Earlier this year, Richard created a Blues Brothers-themed fundraiser in memory of his mother’s struggle with Alzheimer’s, with the idea of establishing a replicable, fun model for connecting expats and their Portuguese neighbours.
“I go to lots of festas with lots of Portuguese people there. But how many things do you go to where there’s actually Portuguese and expats together?” Richard asked me. This was after I managed to pull him away from his busy role of bringing the many threads of the day together, and out of the heavy rain, thunder and lightning (“very very frightening indeed”) that had all day threatened to dampen proceedings.
With hail pelting the roof above us, he continued: “It’s a bit unusual, but I think it’s changing. And I think we’ve got a lot to do with that. I came up with this name, ‘Communities Unite’, I don’t even remember how. Joe came up with a great logo, and we put it out there”.
Joe, by the way, is a fellow musician and event conspirator who plays drums and sings with the sensational Wild Flowers, who have just returned from their UK tour, having recently released their EP and debut single – Shady Lady – on this same, now hallowed ground.
Casting his mind back to the first Communities Unite gathering, Richard recalled the build-up to what is now an established and regular date in the Silver Coast diary.
“Let’s aim for fifty people. If we can get fifty people, it’ll be a great day,” he told me with a nostalgic chuckle.

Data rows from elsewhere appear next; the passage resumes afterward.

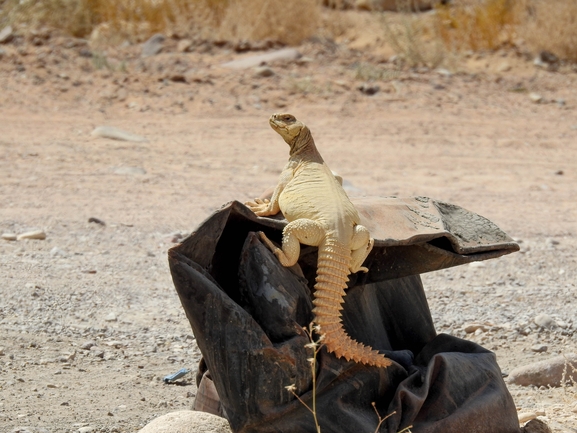 Uromastyx aegyptia  צולם על ידי דורון ניסים 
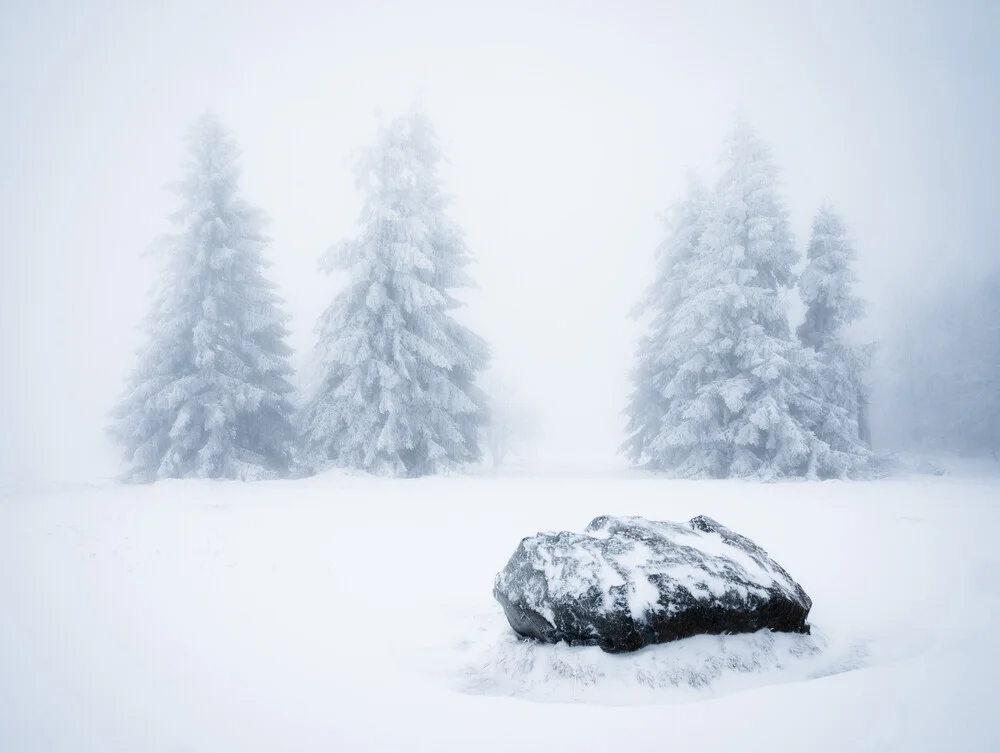 Frostiger Morgen - fotokunst von Heiko Gerlicher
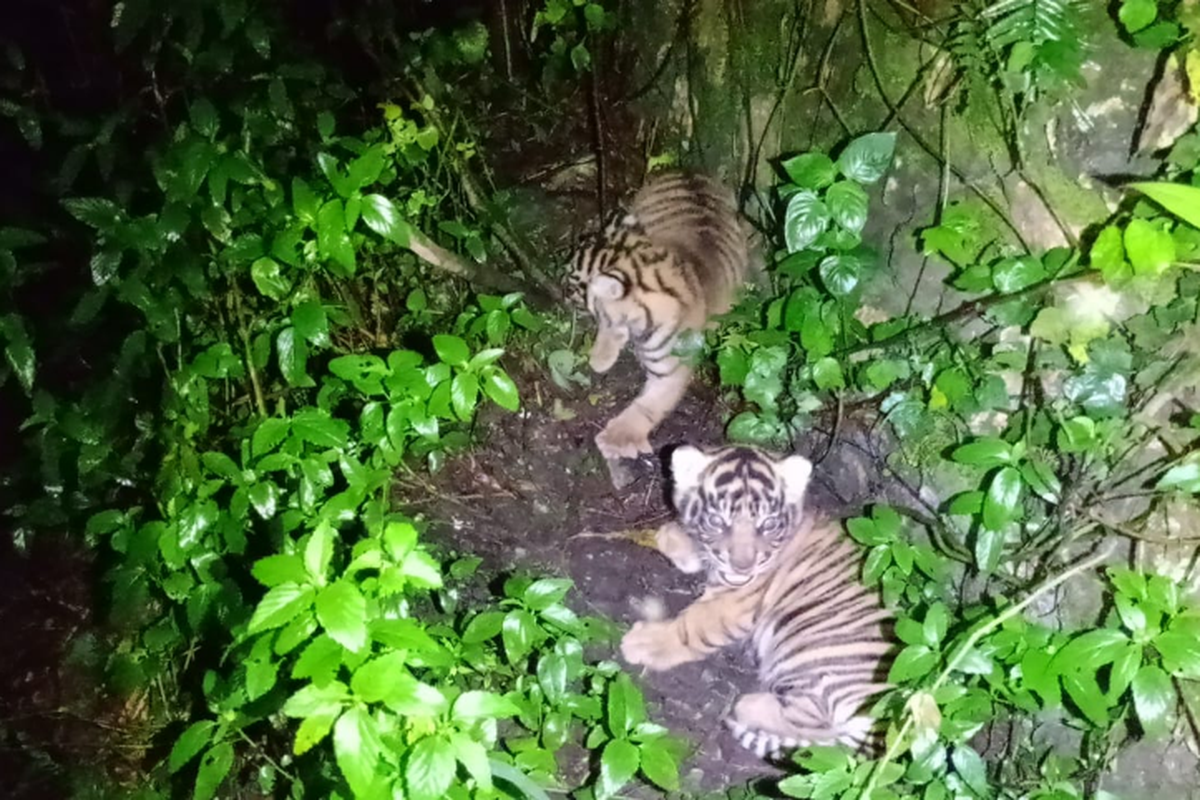 Kisah Inspiratif Nunuk & Ninik: Harimau Sumatera di Barumun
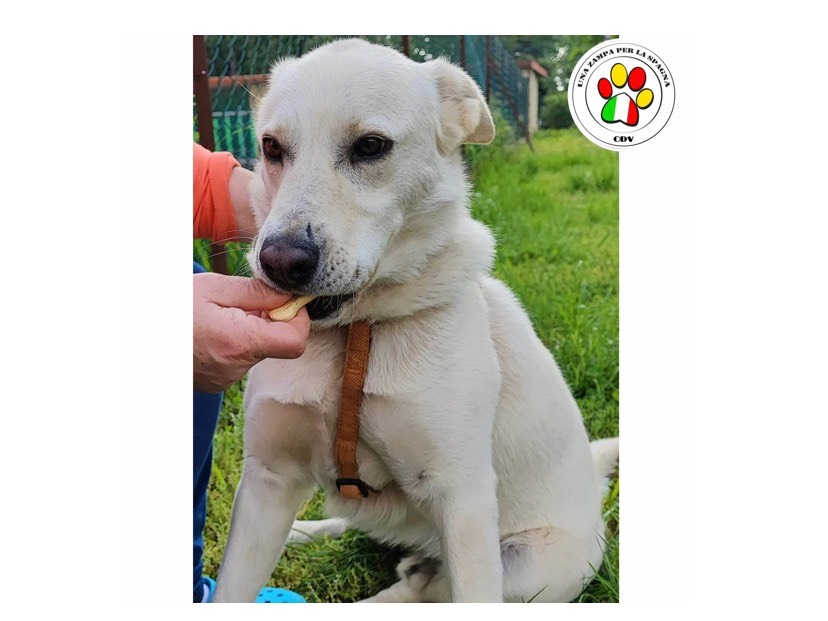 Adotta un cane, maschio, 5 anni e 4 mesi, Milano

“Two hundred and fifty people later, with a big old barbecue and great live music with people up and dancing, we had our first one in the bag!” the ‘Booze Brothers’ front man proudly shared.
Fast forward to the subsequent fixture, where we are now reflecting on the “enjoyable monster” that it has become, Richard told me more about what it takes, but why in the end, it’s all worth it.

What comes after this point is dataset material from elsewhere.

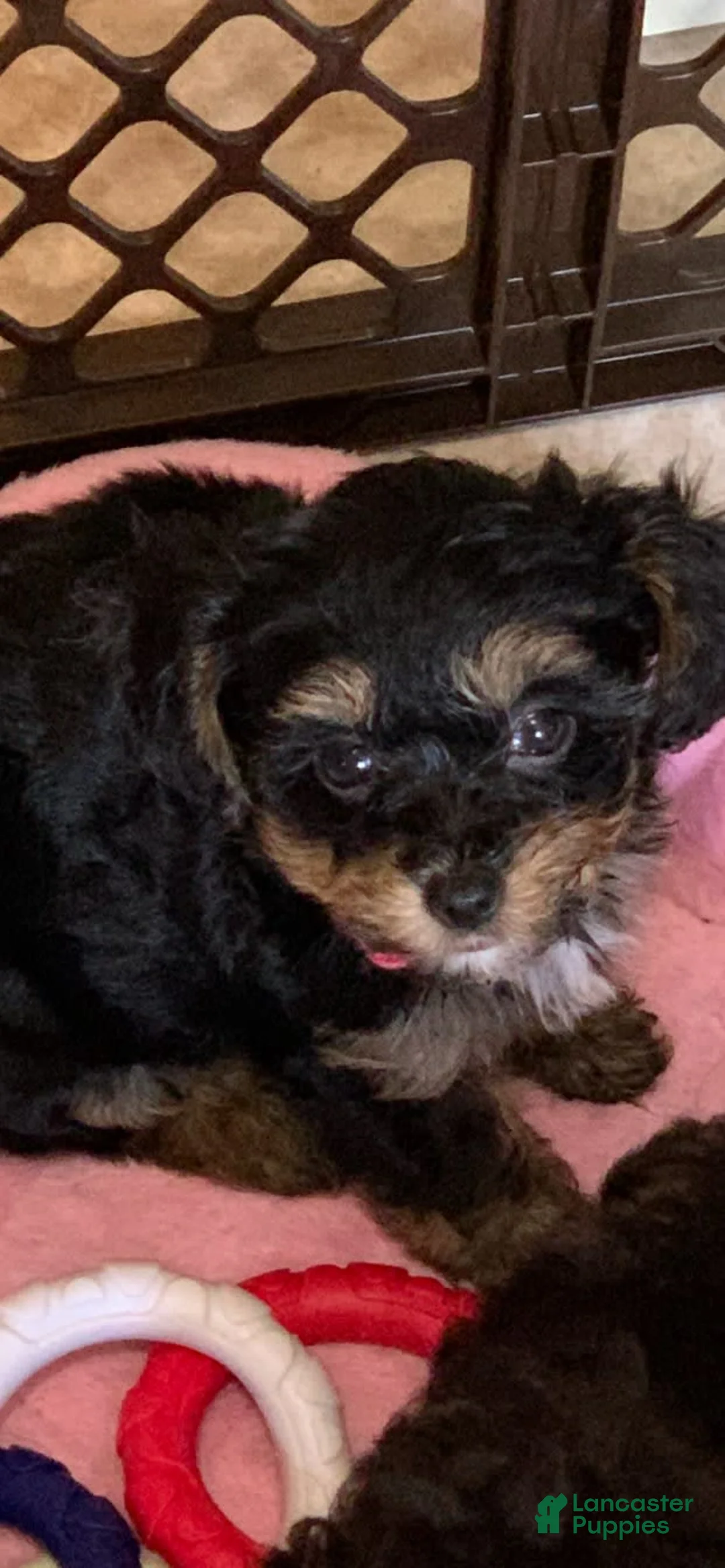 Gallery Image {{count}}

“It’s a challenge, I’ll be honest with you,” he began. “Normally, we hold all of this outside here at ‘Capeleira’ in the main party area with lots of space, loads of tables, purpose built stage, the lot. However, when it rains or threatens to rain, it’s a different story”.
With the threat of impending Portuguese precipitation, a decision had been made to move the action inside, when setting up began early that Sunday. Fortunately, as with many Tardis-like Portuguese premises, this venue – known officially as Arcacen Capeleira E Navalha – just so happens to have a 250-seater sports hall.
That scene greeted me on arrival as I looked for a place to spark up the mobile studio. Beautifully laid out refectory tables, stage with impressive sound system and an army of volunteers ready to make sure everyone had a great time.
Three bands graced said stage as the party progressed, starting with Jess ‘Modest Midas’ Martins of previously name-dropped Wild Flowers (who also came together for their crowd-pleasing single), continuing with the legendary Silver Coast Blues band, and climaxing with local star Nelson Rodriguez with his ‘Dead Nelson Trio’.
This excellent afternoon’s entertainment, and more importantly, the cross-cultural togetherness it delivers is the result of popular demand. After the first roaring success, all those months ago, locals wanted another one. And I could see why.
“They wanted to book us. ‘When’s the next one?’ people asked” remembers Richard who of course at the time responded with a showbiz “Yeah, let’s roll with it!”.
“Music is the medium, it’s the glue that everybody can relate to, and there’s never been a war fought over music,” he wisely pointed out..
At each event Communities Unite are welcoming hundreds of fun-loving foreigners with progressively more Portuguese people turning up. What’s more, the co-founder remarks: “We’re getting asked so many times now: ‘could you do this where we live?’”.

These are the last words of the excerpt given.